W&L’s Elyssa McMaster ’22 Awarded Fulbright to Italy McMaster has been awarded a Fulbright research grant to Italy to complete a hybrid art history and computer science project.
Washington and Lee University’s Elyssa McMaster ’22 has been awarded a Fulbright research grant to Italy to complete a hybrid art history and computer science project titled “Computational approaches to Florentine manuscript paintings.” At W&L, McMaster is majoring in computer science and art history and is minoring in Medieval and Renaissance Studies. McMaster is a native of Roanoke, Virginia, and graduated from Cave Spring High School.
The grant will allow McMaster to continue work on her undergraduate thesis project, where she used a deep learning model to assign attributions to medieval paintings from unknown workshops. In Italy, she will work at the National Research Council of Italy in the Florence Research Area, where she will collect chemical data about Florentine liturgical manuscript illuminations and use them to improve her current model’s predictions.
“I am deeply honored that I have been allowed to represent W&L and the United States as a researcher in Italy,” said McMaster. “I am so proud to be a part of this program and its community. I hope to continue Fulbright’s commitment to cultural exchange with my work and personal relationships in Italy.”
McMaster credits George Bent, Sidney Gause Childress Professor of the Arts at W&L, as one of her many mentors.
“I work on Dr. Bent’s digital humanities project, ‘Florence As It Was,’ and he has been an incredible mentor during my time at W&L,” said McMaster. “My Fulbright grant would have been impossible without his guidance and scholarship.”
Bent says the work McMaster will complete is a matter of national importance for Italy.
“Elyssa’s academic interests bridge what is often perceived to be massive gulfs between science and art, technology and the humanities, computational machinery and human ingenuity,” said Bent. “Her expertise in approaches to the uses of artificial intelligence and sophisticated equipment to conduct a non-invasive examination of objects of extraordinarily high cultural sensitivity have distinguished her from the scores of other worthy applicants who applied for the Fulbright to Italy this year. The work she will do in the lab of Dr. Marcello Picollo at the National Research Council of Italy will help that team as it assists Italian museum collections and heritage sites in the restoration of their patrimony, which is a matter of the utmost importance for that nation today.”
On the W&L campus, McMaster is a computer science teaching assistant and a Writing Center peer consultant. She is a member of Pi Beta Phi sorority, where she served as director of diversity and inclusion as part of a pilot program in 2020. McMaster was a W&L cheerleader, has volunteered as a WLUR disc jockey, is active in Hillel and serves in the university’s Sexual Health Awareness Group.
McMaster will study in Italy for nine months. After completing the Fulbright grant, she plans to pursue her doctorate in a program that will allow her to continue using computational approaches to art history.
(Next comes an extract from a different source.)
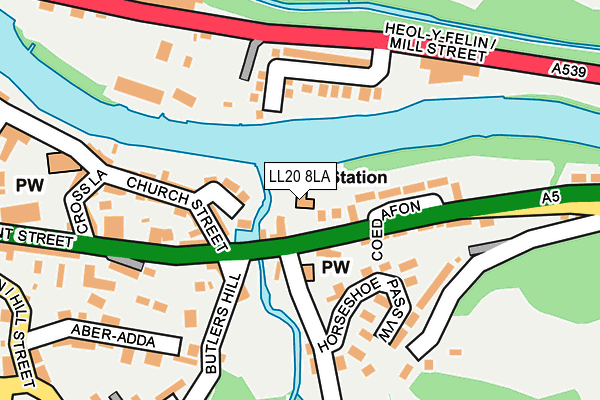 LL20 8LA map - OS OpenMap – Local (Ordnance Survey)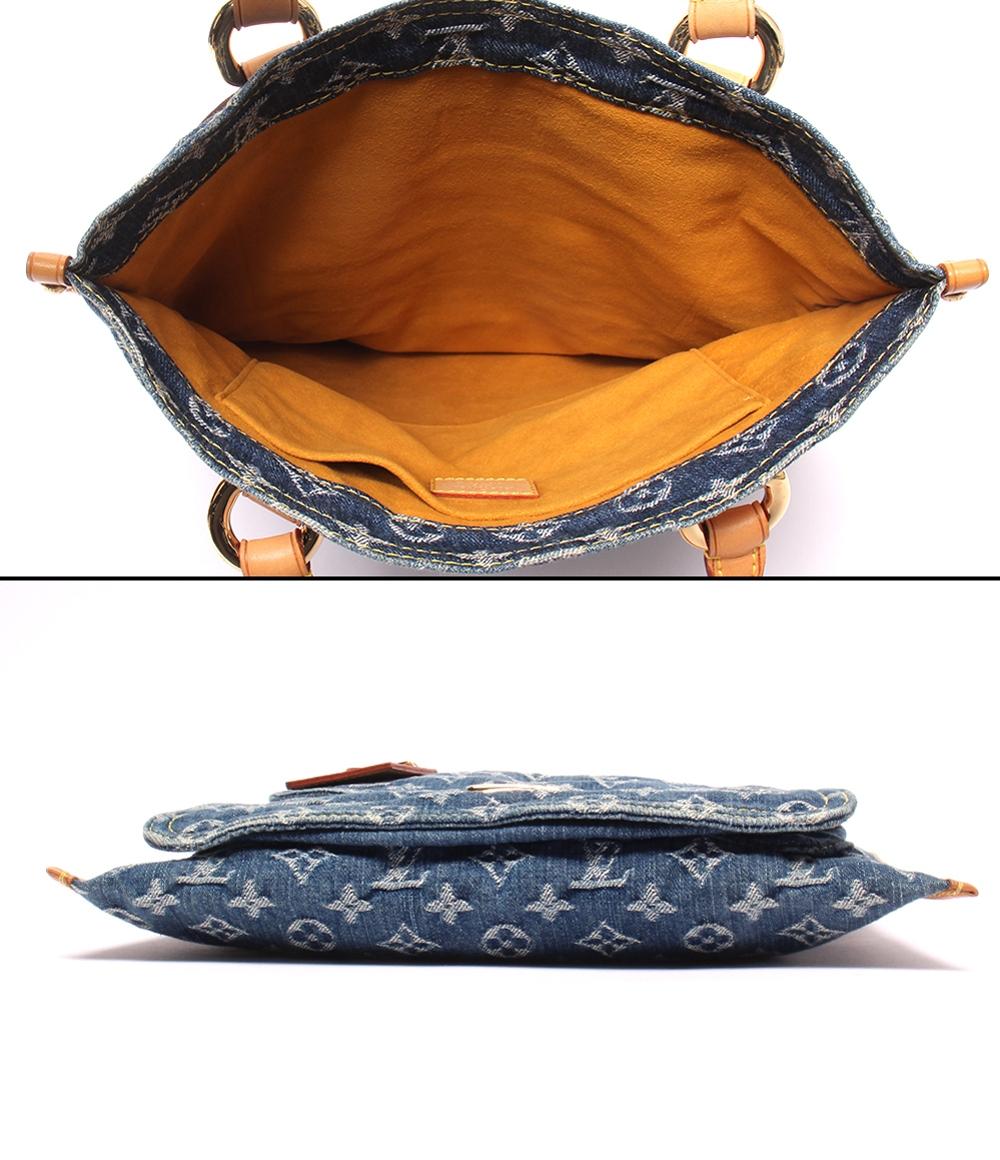 LOUIS VUITTON トートバッグ フラットショッパー モノグラム・デニム M95018 レディース メンズ ルイ・ヴィトン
The Fulbright Program was established over 75 years ago to increase mutual understanding between the people of the United States and the people of other countries. Fulbright is the world’s largest and most diverse international educational exchange program. The primary source of funding for the Fulbright Program is an annual appropriation made by the U.S. Congress to the U.S. Department of State’s Bureau of Educational and Cultural Affairs.
Washington and Lee University is proud to be included on the list of U.S. colleges and universities that produced the most 2021-2022 Fulbright U.S. Students for the fourth consecutive year.